Nintendo: orgoglio e pregiudizio

nintendo switch produzione

Io me le ricordo le reazioni all’annuncio di Nintendo DS, col mondo spaccato in due: da un lato gli aficionados della Grande N, che ne lodavano la genialità con toni ai limiti del fanboysmo; dall’altro i detrattori, che paventavano catastrofici tonfi, fino alla certezza che quell’ibrido sbilenco sarebbe stato l’ultimo hardware della casa di Kyoto. La storia è lì, alla portata di tutti, ed è innegabile come quell’idea di rompere gli schemi (e gli schermi) abbia funzionato alla grande, se a distanza di quasi tre lustri da quella presentazione i negozi vendono ancora 3DS come se non ci fosse un domani. Tuttavia, se c’è un’altra cosa che la storia recente di Nintendo ci insegna è che chi ne ha retto il timone è stato capace sia di slanci illuminati, sia di gettare semi che non hanno attecchito, come la stereoscopia o Wii U; quest’ultima è una piattaforma certo bistrattata ben oltre i suoi demeriti, ma è innegabile come rappresenti un esempio da letteratura su come non si fa comunicazione, a cominciare dal nome stesso che in Nintendo gli hanno assegnato con un’impudenza ai limiti del dilettantesco.

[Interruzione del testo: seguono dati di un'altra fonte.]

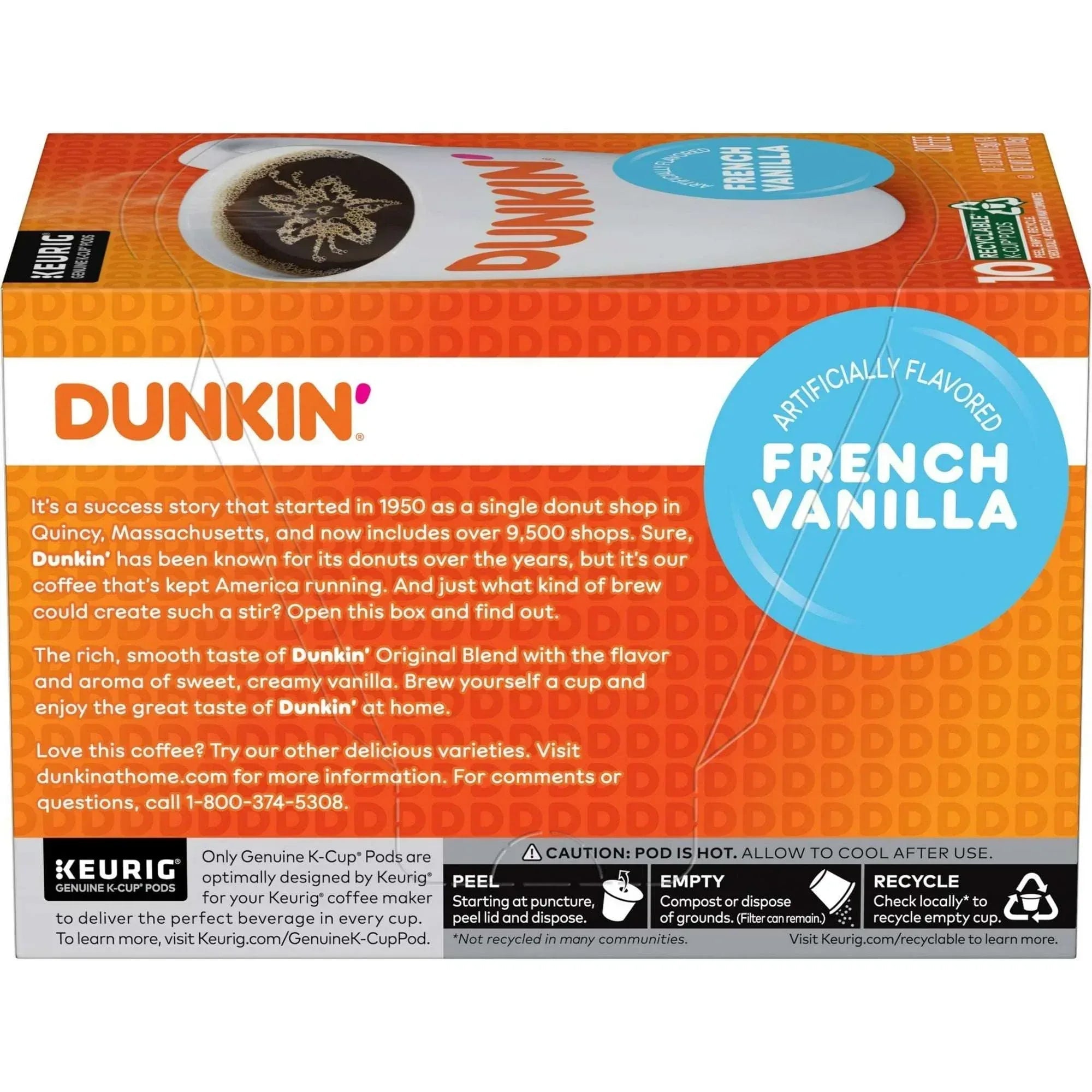 Dunkin’ French Vanilla Artificially Flavored Coffee, Keurig K Cup Pods, 10 Count Box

Per tutti questi motivi, l’annuncio di Nintendo Switch ha da un lato sollevato la mia curiosità, ma dall’altro mi spinge a scriverne con estrema cautela. Sono ancora troppo pochi gli elementi che abbiamo in mano: non sappiamo il prezzo, non conosciamo le specifiche tecniche nel dettaglio (anche se qualcosa è trapelato, e comunque una mezza idea ce la possiamo fare, conoscendo un po’ il mercato mobile) e, soprattutto, non è ben chiaro in cosa consti il supporto di terze parti, al di là di un elenco di nomi che vogliono dire tutto e il contrario di tutto. C’è, insomma, da andarci coi piedi di piombo e attendere maggiori informazioni prima che ci si possa fare un’opinione più circoscritta, che sarà comunque sommaria fino a quando non avremo davvero in mano la console.

nintendo difference

In Switch c’è tutto l’orgoglio di Nintendo

L’unico elemento che mi sento di sottolineare con certezza – e che a mio avviso emerge chiaramente dal trailer – è come Nintendo Switch non abbia intenzione di fare concorrenza al 3DS, e anzi ho il sospetto che a Kyoto abbiano in mente di separare in maniera netta i due segmenti, lasciando il “vecchio” in mano ai ragazzini assetati di Pokémon, Yo-kai Watch e affini, e strizzando col “nuovo” l’occhio ai più maturi. L’idea è ricatturare nella rete quei videogiocatori che nei tempi dell’infanzia hanno tenuto in mano per anni un GBA e un DS, ma che ora sono cresciuti e hanno maturato altri interessi. Il look di Switch, dopotutto, mi sembra ben lontano dalle linee giocattolose che da sempre contraddistinguono i prodotti Nintendo: soprattutto nella sua versione portatile è un dispositivo tecnologico dal design moderno, quasi avulso dal concetto di console handheld cui Nintendo ci ha mentalmente abituati nel corso delle generazioni. Resta sempre da capire in quanti avranno voglia di tenersi nello zaino un device ulteriore oltre a uno smartphone e un eventuale tablet, a meno che Switch non si affranchi dal solo uso ludico e si apra ad altri utilizzi; anche in questo caso, tuttavia, è una discussione che in data odierna vale quanto quelle sul sesso degli angeli.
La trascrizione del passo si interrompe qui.